Loading, Cleaning and Standardizing the Data
As with our PCA exercise, we need to first load, clean and standardize our data:
# Import standard libraries
import pandas as pd
import numpy as np
# Import the kmeans algorithm
from sklearn.cluster import KMeans
# Import functions created for this course
from functions import *
Load the data set:
# Load the data from the csv file into a Pandas Dataframe
original_data = pd.read_csv('world_university_rankings_2016.csv', index_col='university_name')
original_data.head()
K-means can only work with quantitative data, so we will remove country.
In addition, we will remove the total_score and world_rank columns as they are the totals and rank for the table as a whole. We are really interested in analyzing the underlying metrics that contribute to the overall score.
So let's filter our data down to just the remaining columns of interest:
As with our PCA exercise, we will replace nulls with the mean value of the variable:
X = X.fillna(X.mean())
Again, we will apply the standard scaler to scale our data so that all variables have a mean of 0 and a standard deviation of 1.
# Import the sklearn function
from sklearn.preprocessing import StandardScaler
# Standardize the data
scaler = StandardScaler()
X_scaled = scaler.fit_transform(X)
X_scaled
So, thus far we have treated the data in exactly the same way we did for PCA.

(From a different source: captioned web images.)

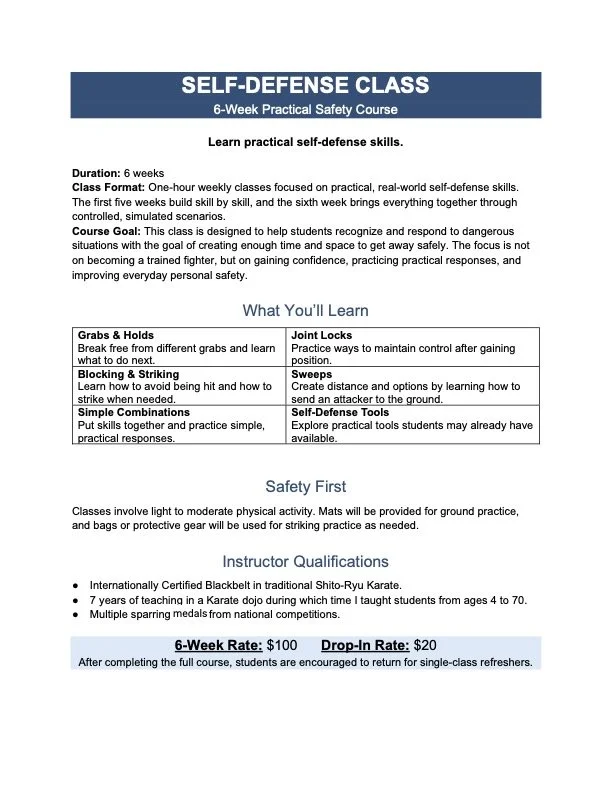 Ladies Self-Defense — 6-Week Course 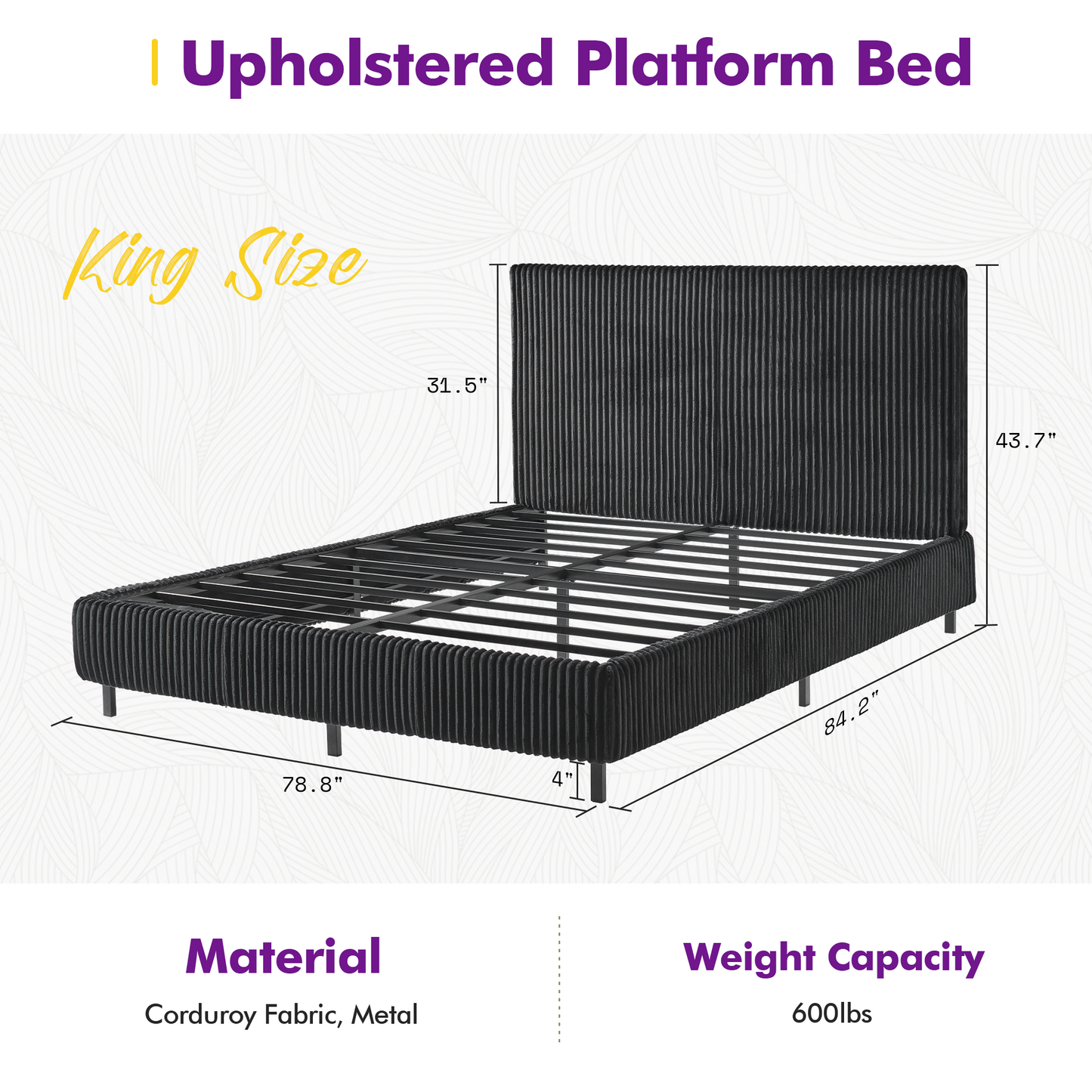 Velmure Corduroy Platform Bed Frame  King / Black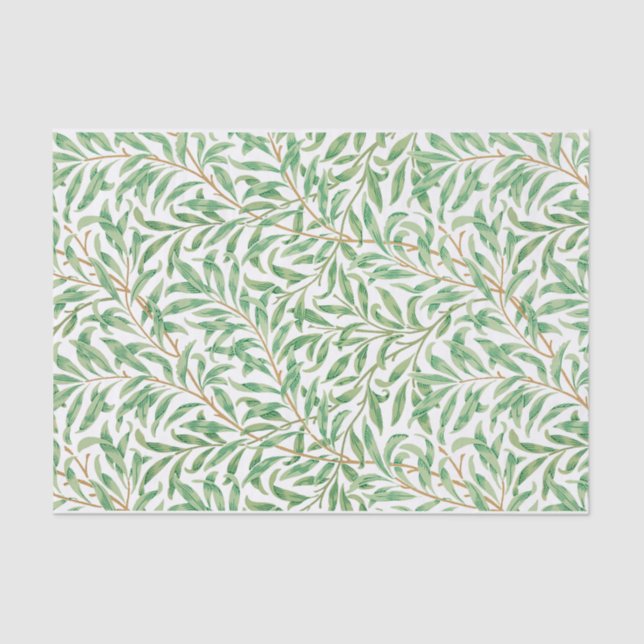 William Morris Pastel Green Willow Leaf Branches Tissue Paper (Front)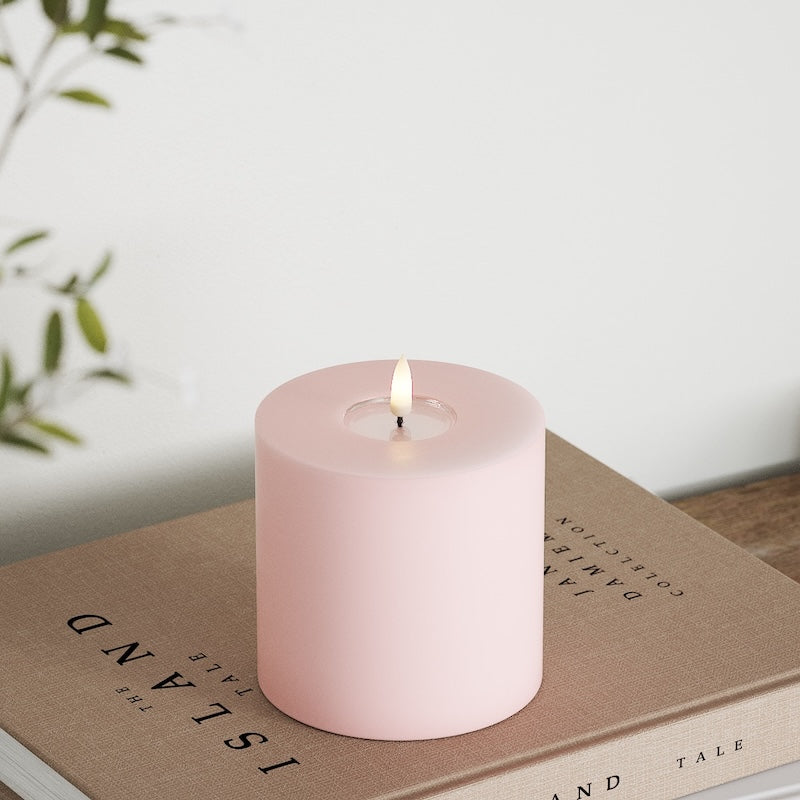 Deluxe Homeart LED Stompkaarsen Ø 10 x 10 cm Lichtroze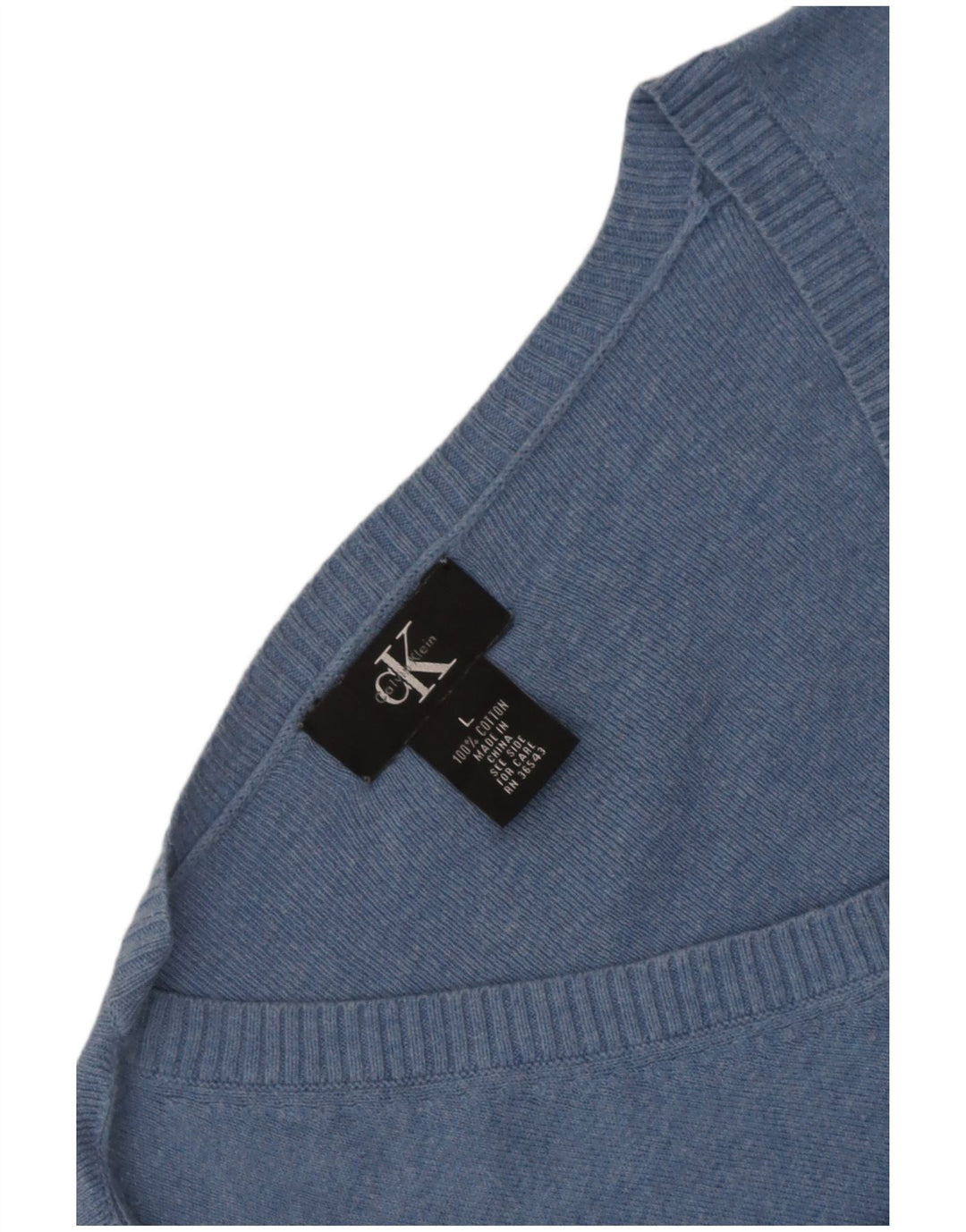 Pulover Calvin Klein pentru bărbați cu decolteu în V, mare, albastru, bumbac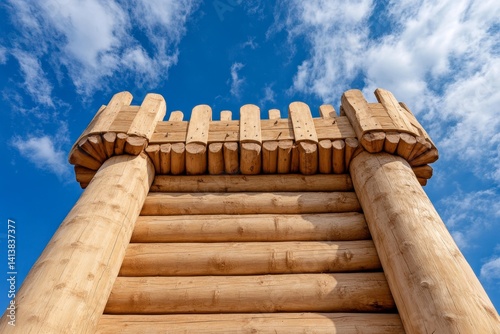 Obraz na płótnie A wooden frontier fort in the American Wild West, surrounded by a tall wooden stockade w salonie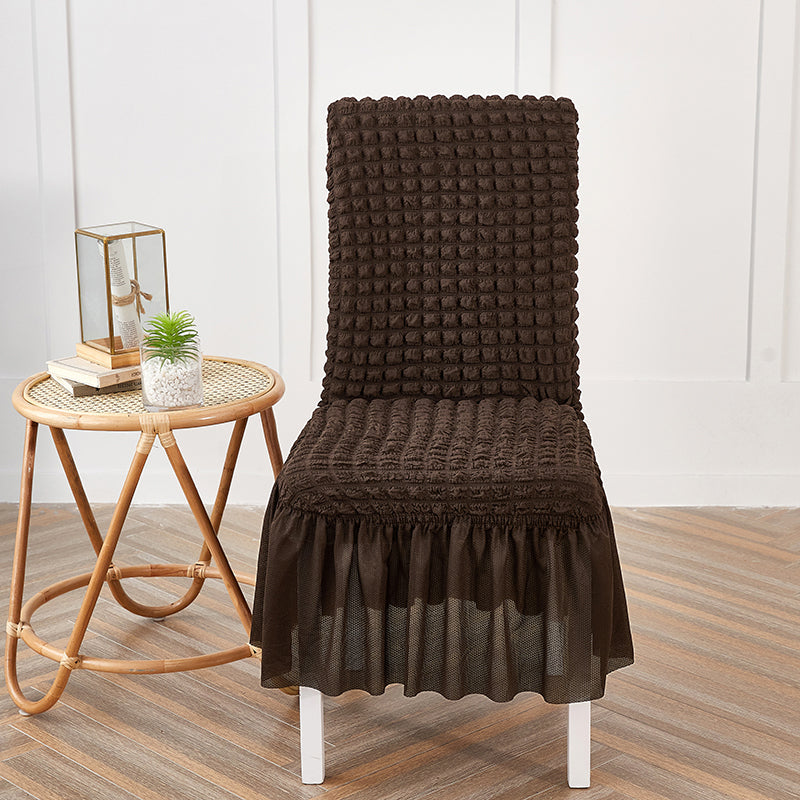 Premium Textured Seersucker High-Stretch Washable Dining Chair Slipcovers with Skirt - Ornate Home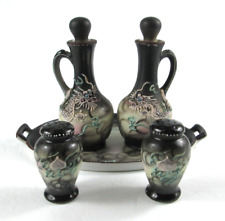 vintage mini Japanese Moriage Dragonware Tray Salt & Pepper Teapots picture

Performing a K-means Clustering
Now we can perform the k-means clustering. We will ask for 3 clusters (the n_clusters
parameter) and ask for clustering to be performed 10 times, starting with different centroids (this is the n_init
parameter). In this way, we can ask the algorithm to give us the best of the 10 runs.
# Create a k-means clustering model
kmeans = KMeans(init='random', n_clusters=3, n_init=10)
# Fit the data to the model
kmeans.fit(X_scaled)
# Determine which clusters each data point belongs to:
clusters = kmeans.predict(X_scaled)
Let's add a new column, cluster number to the original data so we can see what universities sit in what cluster:
# Add cluster number to the original data
X_scaled_clustered = pd.DataFrame(X_scaled, columns=X.columns, index=X.index)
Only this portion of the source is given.